Why Others Are Incorrect:
- Communication may break partially.
- Loops depend on STP, not VLANs.
- Rebooting doesn’t occur from this mismatch.
Objective: Native VLAN troubleshooting
Follow-up: How do you check the native VLAN on both ends?

Question 13

Q: You configure a trunk with allowed VLANs 1, 10, and 20, but hosts on VLAN 30 can’t talk.
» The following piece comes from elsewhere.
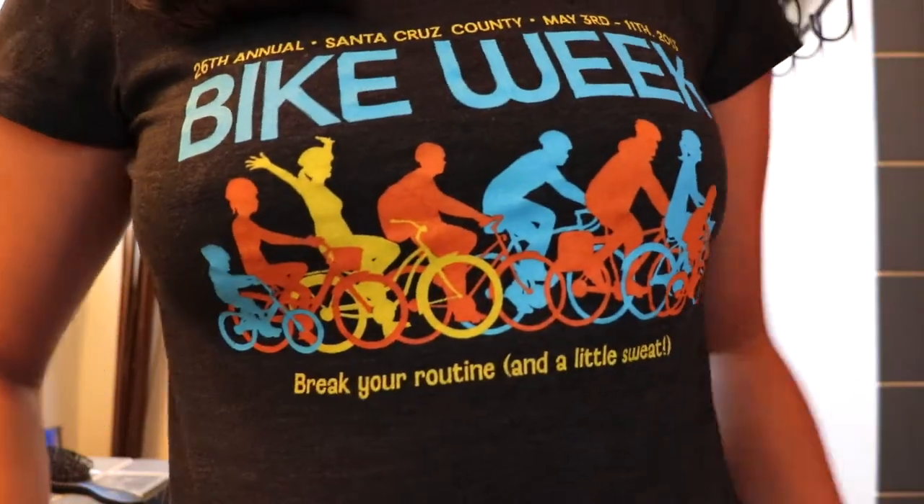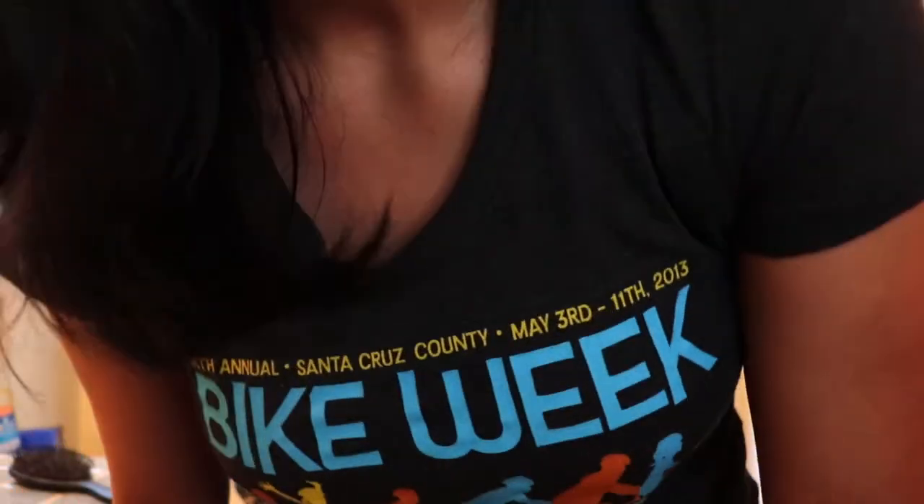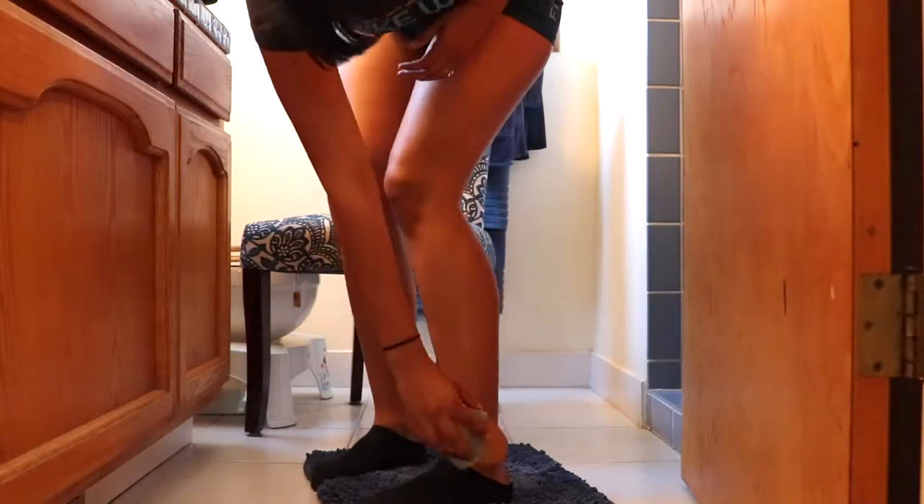I was just about to head to the gym — I'm wearing my gym top that I like to go out with — and I want to show you guys how I do this on a daily basis and what my routine is all about.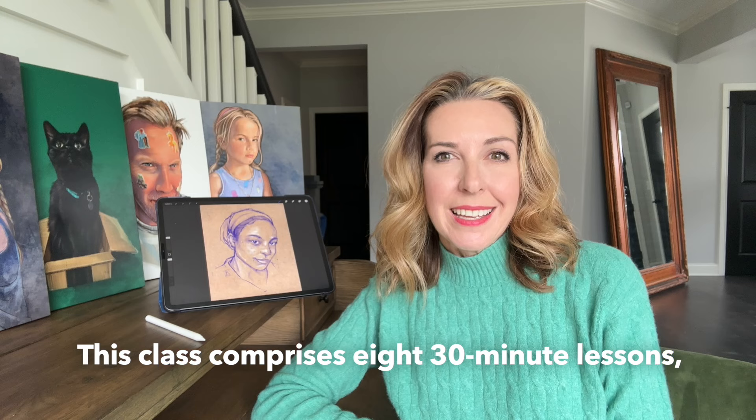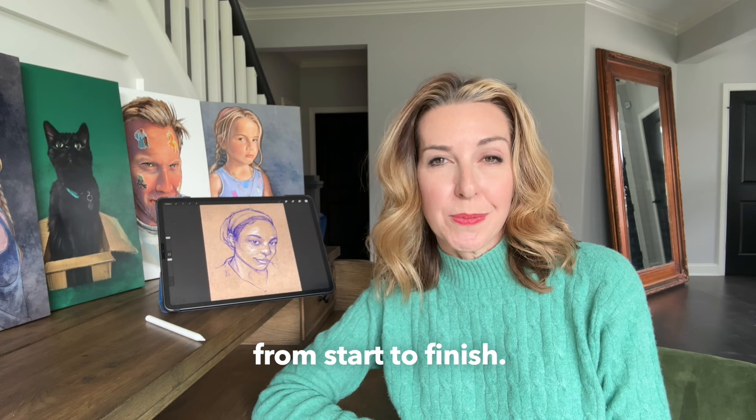Hi everyone, I'm Tiffany Estevanzo. In this class we'll be working on drawing quickly and efficiently in Procreate. This class is comprised of eight 30-minute lessons and we'll be completing six portraits from start to finish.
Why?
- VLAN 30 is tagged incorrectly
- VLAN 30 is blocked by STP
- VLAN 30 isn’t allowed on the trunk
- VLAN 30 isn’t on the router

Answer 13

Correct Answer: VLAN 30 isn’t allowed on the trunk
Explanation: VLAN traffic not listed in the trunk’s allowed list will be blocked.
Practical Use: Always verify allowed VLANs.
Why Others Are Incorrect:
- Tagging wouldn’t help if VLAN isn’t allowed.
- STP blocks entire ports, not specific VLANs.
- Router is only needed for inter-VLAN routing.
Objective: Trunk configuration troubleshooting
Follow-up: What is the command to modify allowed VLANs on a trunk?

Question 14

Q: What does the switchport mode dynamic auto command do?
- Forces port to access mode
- Sets trunk mode if neighbor initiates
- Enables VLAN tagging
- Disables port security

Answer 14

Correct Answer: Sets trunk mode if neighbor initiates
Explanation: Dynamic auto waits for the other side to initiate trunking.
Practical Use: Helps simplify trunk setup but not recommended for security-sensitive environments.
Why Others Are Incorrect:
- Doesn’t force access mode.
- VLAN tagging occurs during trunking but not triggered by this.
- Port security is unrelated.
Objective: Trunk negotiation behavior
Follow-up: What trunking mode initiates trunk formation actively?

Question 15

Q: What is a typical symptom of a port set to the wrong VLAN?
- Slow performance
- No network connectivity
- Frequent disconnects
- High CPU usage

Answer 15

Correct Answer: No network connectivity
Explanation: Devices on different VLANs without routing can’t communicate, causing total loss of access.
Practical Use: Verify port VLAN assignment using show vlan brief.
Why Others Are Incorrect:
- Wrong VLAN doesn’t cause slowness or CPU issues.
- Disconnects imply intermittent connection, not VLAN isolation.
Objective: Troubleshoot VLAN membership
Follow-up: What command assigns a port to VLAN 10?